Ya me había cruzado antes con Cañita Brava, hacía 18 años. En aquel entonces se pasaba a menudo por uno de mis locales habituales, una taberna irlandesa situada en el Paseo Marítimo; he olvidado el nombre. Nada más entrar, se quedaba con la peña, como si fuera una canción de Estopa. En una de estas, se subió a un barril a bailar y la camarera se subió a una silla. Los dos se movían a ritmo de la música mientras los demás aplaudían. Aquello duró un minuto, hasta que la gravedad le reclamó y barril, silla y camarera rodaron por los suelos junto con uno de los coruñeses más famosos de nuestros días.

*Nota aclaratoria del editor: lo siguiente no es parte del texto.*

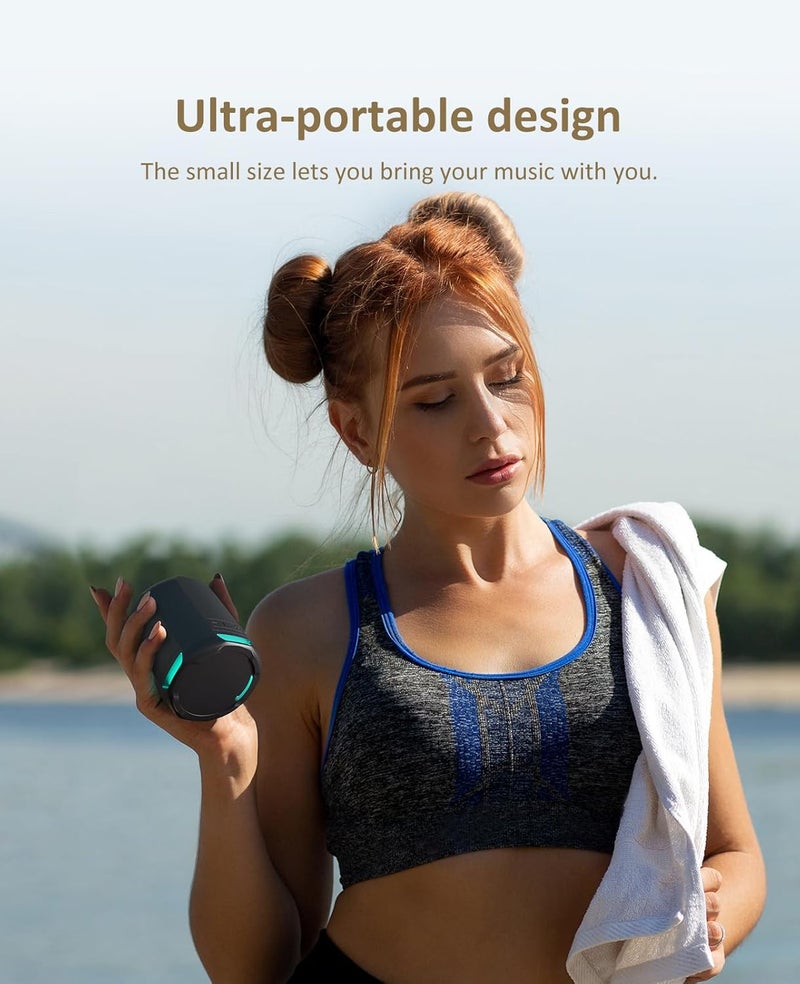 MLOVE P1 Portable Bluetooth Speaker 12 Watts Music Box with Powerful Sound and Colourful Lights 12 Hours Playtime Waterproof Dustproof TWS for Party - Image 3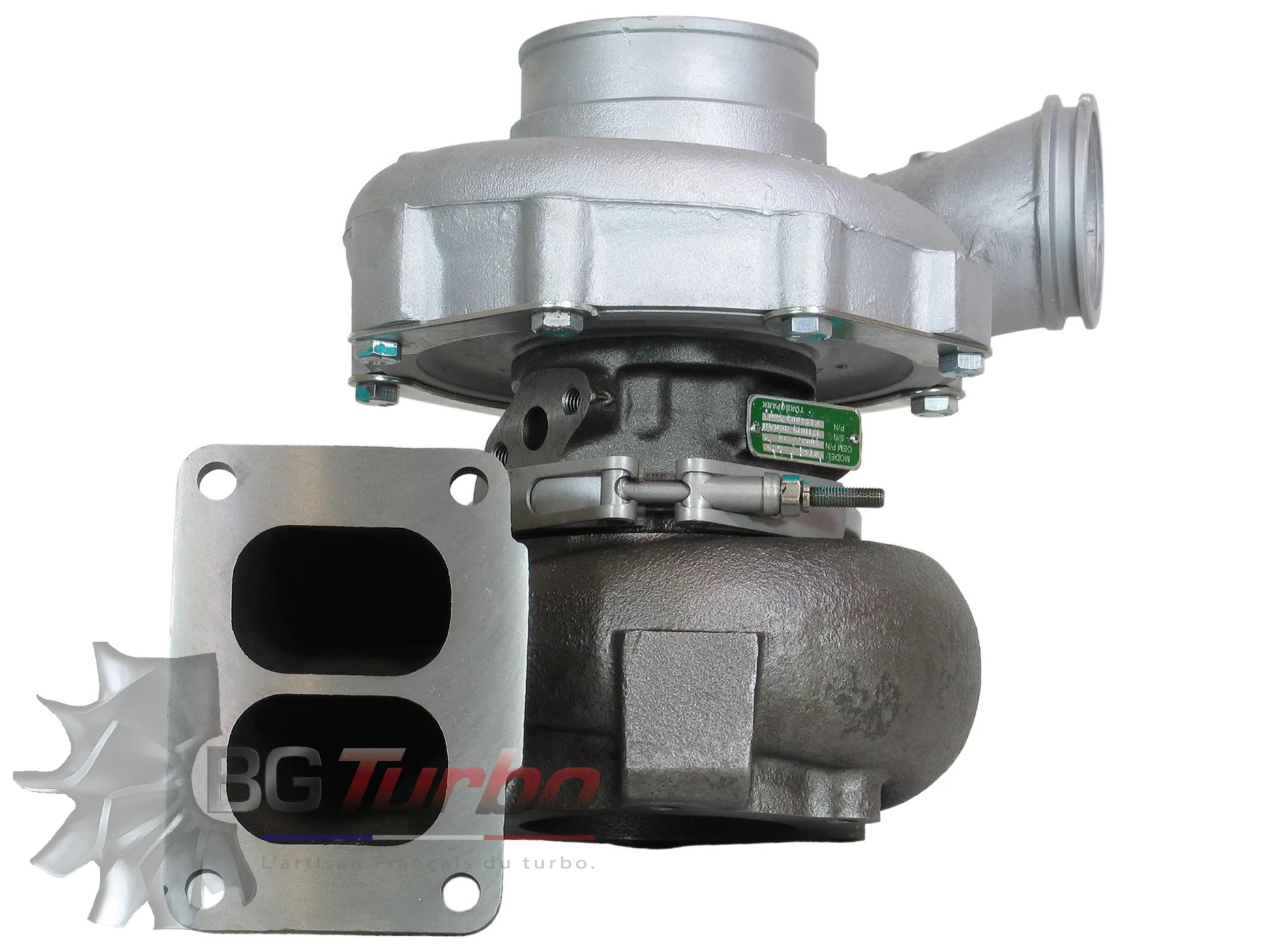 Turbocompresseur Garrett TA5126 pour IVECO EuroTech / EuroStar _ Réf. 454003-0002 / 454003-5002S
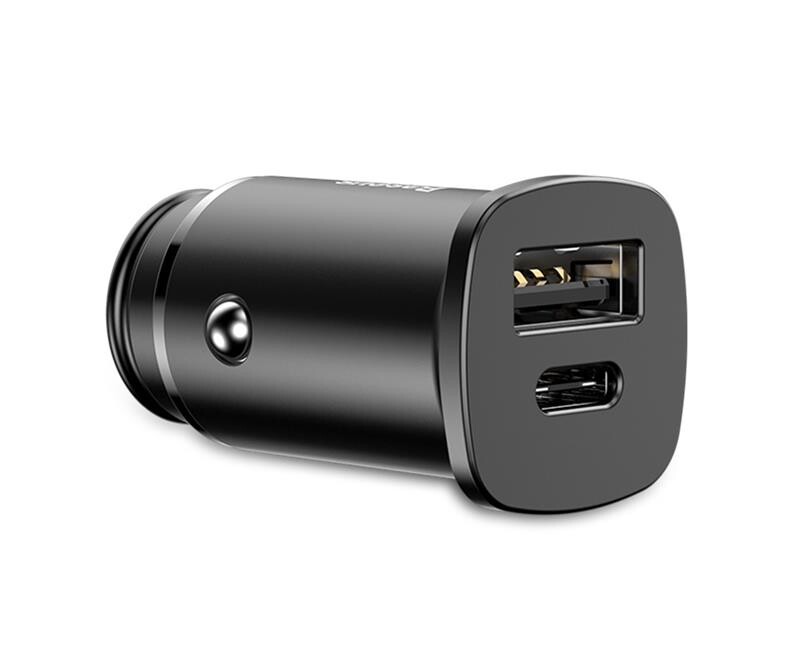 Автомобильное зарядное устройство Baseus Square Metal (2USB, 4.5A) 30W Black (CCALL-AS01)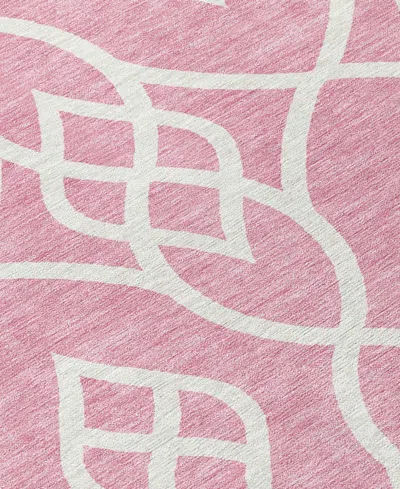 Addison Chantille Machine Washable Acn884 8'x10' Area Rug In Pink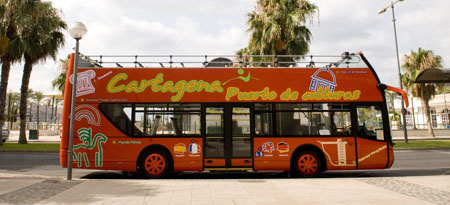 Tourist Bus in Cartagena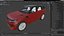 Range Rover Sport 2023 Red 3D model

Me tomé la cerveza, esperé a que el alboroto se calmara y me levanté a pedirle su número de teléfono. A Cañita, no a la camarera y, aunque luego perdí el posavasos en el que lo había apuntado, lo encontré a los pocos días. Fue muy fácil quedar con él, pero resultó todo un desafío tratar de sacar algo coherente. Le pregunté si se consideraba un actor fetiche de Santiago Segura. Él me dijo que sí, porque si se concentraba, podía hacerlo bastante bien. Tomé nota, de eso y de otras muchas cosas, y lo redacté. El jefe lo leyó y me obligó a redactarlo de nuevo, pero esta vez con sentido. Yo objeté que nadie creería que Cañita había dicho algo coherente, pero él insistió.
Le había visto alguna vez más por ahí, como cualquier otro coruñés, pero sin haber cruzado una palabra. Mientras le veía sorber el café y pasar las páginas del diario de la competencia, reflexioné sobre la fama y el éxito. Aquel tipo cumpliría pronto ochenta años, y llevaba siendo famoso desde hacía casi treinta. Era indudable que tenía carisma, una especie de gracia natural, entrañable, como un Cantinflas coruñés, más personaje que persona. La compañera de redes entró en el despacho dispuesta a hacerle una entrevista sobre el Depor. Él se negó, pero resulta fácil liarle, para lo bueno y para lo malo: antes tenía millones, pero ahora vivía de una pensión y no podía pagarse ni seis mil pesetas de whisky.
De repente, me asaltó la certeza de que después de su muerte habría una calle o una placa, o quizá un busto suyo en esta ciudad: “Manuel González Savín, alias Cañita Brava", con esa cara de monito triste y esa frente privilegiada. Quizá dibujarían su silueta en el suelo de la mismísima plaza del Humor, como Pedro Brandariz, aquel humorista que prácticamente infartó delante de un montón de niños hace un par de años. De cualquier manera, sería inmortalizado. Yo no podría aspirar a eso. Aunque me convirtiera en el periodista más reconocido de la ciudad, eso equivaldría a ser un desconocido comparado con Cañita. Le daba vueltas a aquellom cuando mi jefe entró a todo correr por la puerta y preguntó dónde estaba Cañita. Quería liarlo para algo, y yo estaba seguro de que lo conseguiría. Siempre que fuera más fácil que sostenerse sobre un barril.